> [Work task] From the line that contains "北师大版八年级生物下册课件 21.3 人类的起源与进化" through the last line of the data, copy everything exactly and nothing else, omitting the pictures.

> [Exercise data]
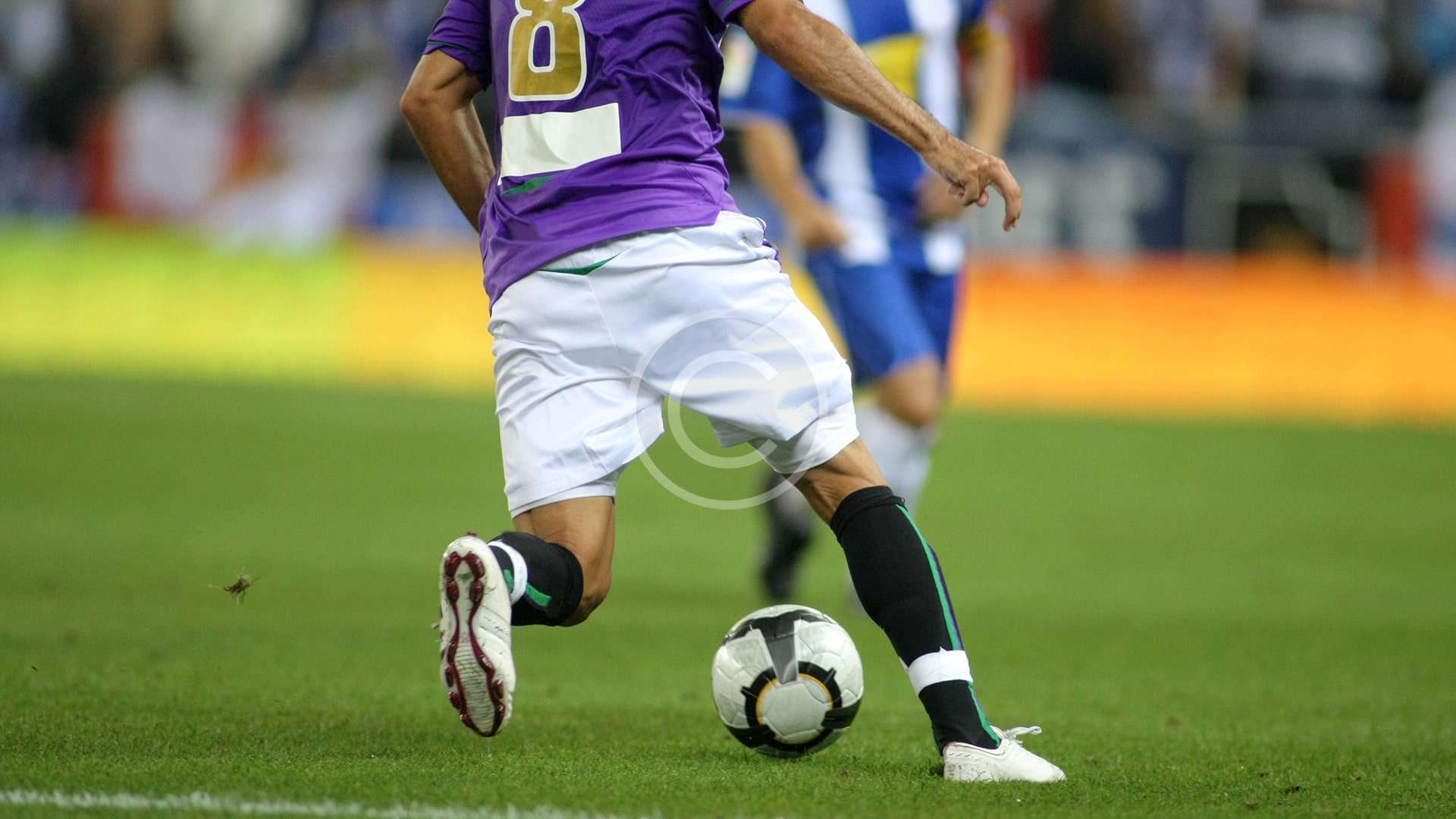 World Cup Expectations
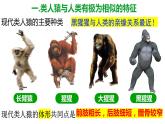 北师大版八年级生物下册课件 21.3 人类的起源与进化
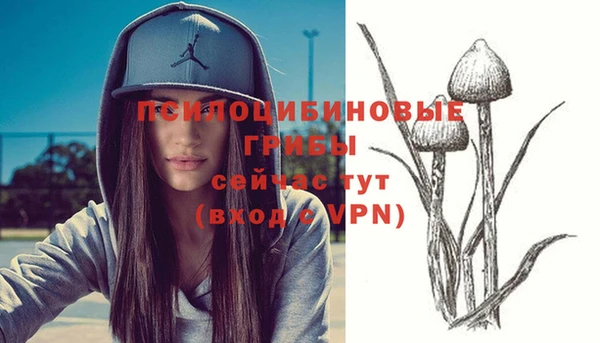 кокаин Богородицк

> [Finished task]
 北师大版八年级生物下册课件 21.3 人类的起源与进化
 кокаин Богородицк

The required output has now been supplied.